Wstaje przed świtem, rozpalam ognisko, razem z jasnością z lasu dobiega melodia, po chwili rozpoznaje, to "Kiedy ranne wstają zorze"! Coś pięknego, ale jak? Skąd? Zagadka.
Poranne słonce oświetla zamarznięte góry. Jest pięknie, zaczęła się podróż.
Wspinam się krętymi drogami i szybko znajduje na słowackiej stronie. Piękne widoki plus klimaty cygańskich wsi. Świeci słonce, pogodę mam świetną , jak na polowe listopada.
Royal łyka kilometry i rozbijam namiot w pobliżu granicy z Rumunią.
Nowy dzień, nowy kraj. Celnicy pogrzechotali lodem w butelce pod siatką bagażową, pokiwali głowami i kazali jechać. Teraz Rumunia! Jest moim faworytem, uwielbiam ten kraj gór, bukowych ( chyba ) lasów, końskich zaprzęgów, Daci i swobodnego rozpalania ognisk.
Pierwsze miasteczko i można cieszyć oczy tak nieodległym od nas folklorem. Staram się trzymać dróg podrzędnych i mijam romskie osiedla, z dzieciarnią i suszącym się praniem.
Przejeżdżam przez Cluj Napoce, bardzo fajne miasto, wrażenie takiego studenckiego sprawia, żadnego zwiedzania jednak nie ma, minusy załadowanego motoru, trochę stres go zostawiać, zresztą już widziałem.
Z Cluju kieruje się na Reghin, super trasa! bardzo polecam. w ramach rozgrzania zaplanowana mam zupę na która wszystko kupiłem, łącznie z piwem na którym będzie moja piwna rybna polewka, a to dlatego ze woda w butelce nie ma zamiaru rozmarznąć.
dalej Targu Mares, Sighisoare i na Brasow.

http://imageshack.us/phot...dsc00405qd.jpg/

Na nocleg znajduje pusta, dużą łąkę, otoczona pagórkami, tak że wydaje się ze rozpalonego ogniska nikt nie dostrzeże.
Z Brasowa droga na Valeni de Munte, jedna z najpiękniejszych tras, bardzo polecam.

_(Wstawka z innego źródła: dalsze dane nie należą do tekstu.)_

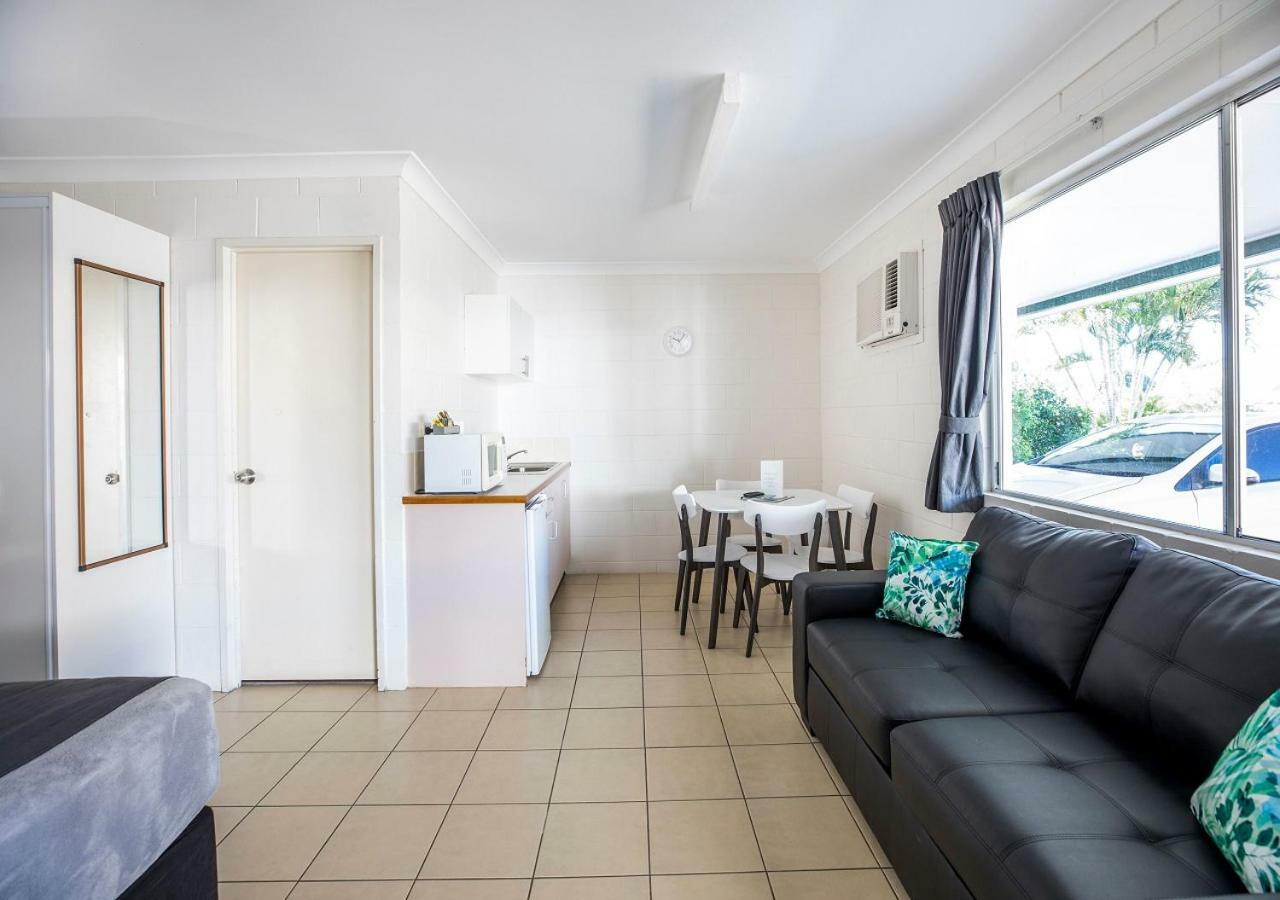 Banjo Paterson Motor Inn Таунсвилл Экстерьер фото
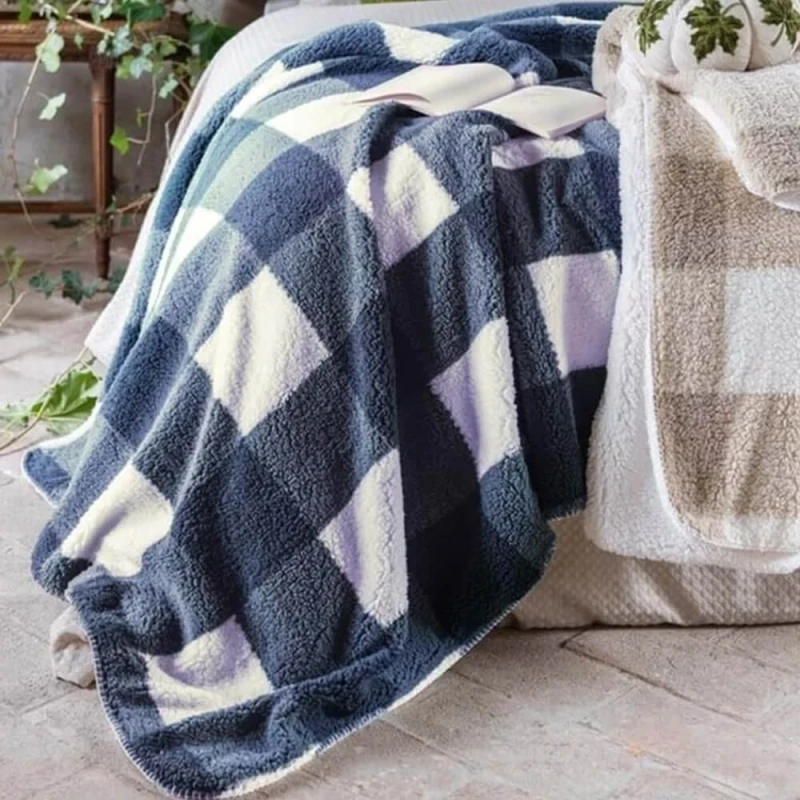 Blanc MariClò - Blue Square Sherpa Throw - 140 x 170 cm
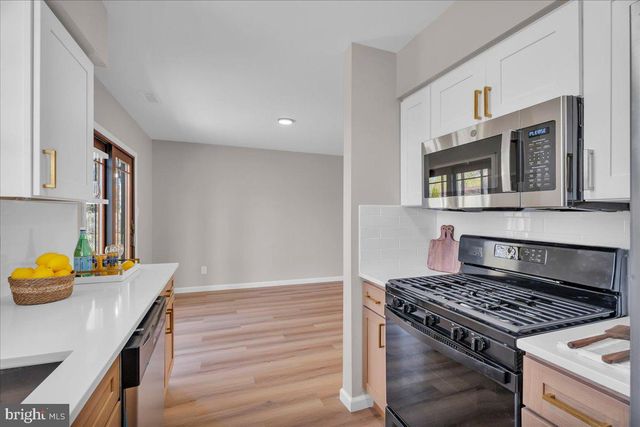 39 ARGYLE AVE, Blackwood, NJ 08012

http://imageshack.us/phot...dsc00419wc.jpg/

No i przejadę przez góry, zjadę do doliny Dunaju, czyli chyba cieplej się zrobi.
Mijam miejscowość Ploesti i tu gdy stoję pod znakiem i zastanawiam się czy to mój zjazd z głównej drogi? Royal przestaje pyrkać i nie daje się odpalić. Sprawa jest natury elektrycznej, wskazówka amperomierza się nie wychyla, światła nie świecą.
Tu dygresja. Manetki maja 4 stopnie grzania. Grzały całkiem fajnie pierwszego dnia, drugiego zaczęły spadać na pierwszy stopień, ale nie tak często, a następnie zaraz po zwiększeniu temp. spadały szybko na 30% mocy.
Jeszcze się nie zorientowałem, ze rozładowały akumulator. Sprawdzam świecę, nie ma iskry, zamiana, nic, to samo z kondensatorem, nic, próbnik z żarówki i sprawa jest jasna. Zmrok właśnie skończył zapadać i na horyzoncie widać stacje, z kilometr będzie, ale droga płaska. Ruszam, jednak po drogiej stronie dziadeczek przed domkiem stoi, idę do niego i w międzynarodowym bimbrowniczym esperanto, baterija, akumulator, pokazuje gest podłączania prostownika, zrozumiał, prostownik ma. Akumulator się ładuje, a ja mam za zadanie , zorganizować nam milo czas. Na pierwszy ogień puszka Staropramena, już się dosyć najechał. Wymieniam kondensator i świecę, na poprzednie, naciągam jeszcze łańcuch, korzystając z warsztatu dziadka. Dalej standard, mapa, trasa, zdjęcia z domu, i sprawdzamy baterie. Iskra jest, no to w kontynuacja czelendzu. Gdzieś pomiędzy Urziceni a Slobodzia zjeżdżam z drogi i poszukuje na tej równinie miejsca na biwak, jest coś jakby żwirownia, oddalone od wszelkich osiedli, dojazd szutrem. Rozpalam ogień i akurat gdy suche trawy buchnęły jasnym ogniem przejeżdża Dacia.
Za 20 minut do żwirowni wjeżdża samochód, przyjechał policjant, paszport, ze zimno, uważać na ogień, czy jestem sam i tyle.
Przyjechał, pojechał, ale szybko wrócił, z kumplem i dwiema siatkami wiktuałów, z jednej wystawała butelka wina.
Kumpel, marynarz, znał angielski. Na pierwszy ogień poszedł bimber, roboty policmajstra, zagryzany kawałkami świniaka, tez z jego zagrody, zaraz potem wino, a gdy się skończyło, wyjęli jeszcze półtora litra! No chłopaki byli na prawdę świetnie przygotowani! Było miło. Obudziłem się prawie w południe.
Przy pakowaniu przyszły jakieś dzieciaki, a przecież miałem zostawić termos , który przynieśli z kawą na rano, szklanki, sztućce ... Pytam się małego jak ma na imię? Ja Michał , a ty? Jak już udaje się to wydusić, biorę telefon i udaje ze dzwonie, do policjanta, co trzeba wyraźnie zaznaczyć, że termos , że Nicola, itd, przesłanie powinno być jasne.
Dalej rumuńskie klimaty, wóz wikliniarza z koszykami, samoróbka, trzy dziewczyny pchają Dacie...
Dunaj przepływam w Silistri. Bułgaria to kontynuacja widoków rumuńskich, może nawet ciekawiej.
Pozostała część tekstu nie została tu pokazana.